Plastering Costs UK 2026: Prices per m2, Day Rates & Room Guide

Plastering costs at a glance

Plastering is one of the most in-demand trades in the UK right now. A shortage of skilled plasterers — the result of years of under-apprenticeship and an ageing workforce — means day rates have risen sharply since 2022 and show no sign of dropping.

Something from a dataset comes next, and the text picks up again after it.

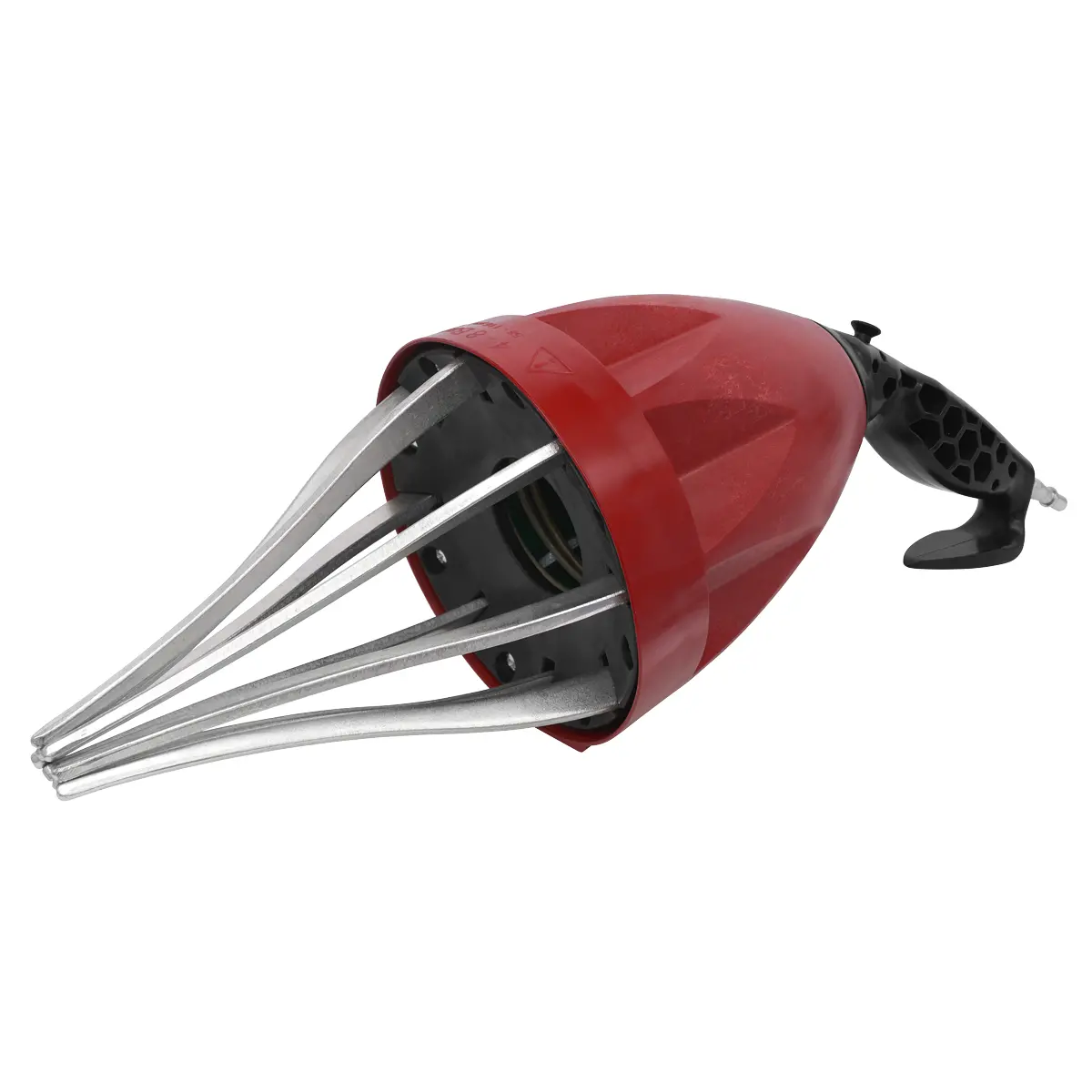Sealey Cvj Boot Installer Air Tool Bsl105 1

Whether you're a homeowner budgeting a renovation or a plasterer setting your prices for 2026, this guide covers every type of plastering work, current m2 rates, materials costs and what moves the final price up or down.

  • Skim over plasterboard: £7–£12/m2 labour
  • Bonding coat + skim (brick/block): £10–£18/m2
  • Dot and dab (board + fix): £12–£20/m2 inc. board
  • Sand:cement render (external): £20–£40/m2
  • Monocouche/K-Rend: £35–£60/m2
  • Silicone render: £40–£70/m2
  • Artex removal: £10–£25/m2
  • Venetian plaster/microcement: £50–£150/m2
  • Coving: £15–£30 per linear metre
  • Sole-trader day rate: £150–£280/day
  • Two-man gang: £300–£500/day

All figures are for labour unless stated. London and the South East typically add 20–30% to these rates.

Types of plastering work and costs

Skim plastering over plasterboard

The fastest and most common type of domestic plastering. A thin finish coat (2–3mm) of Thistle Multi-Finish or Board Finish is applied over taped plasterboard. At £7–£12/m2 for labour, a standard 15m2 bedroom ceiling or wall will cost £105–£180 in labour alone. Add materials and a typical bedroom runs £150–£250 including everything.

Bonding coat + skim (brick or block substrate)

Where there's no plasterboard and the plasterer is working directly onto brick or block, a backing coat (bonding or browning) goes on first, followed by the finish skim. This two-coat system is slower and uses more material: expect £10–£18/m2. The surface usually needs a mechanical key (PVA or scratching) before the backing coat will adhere properly.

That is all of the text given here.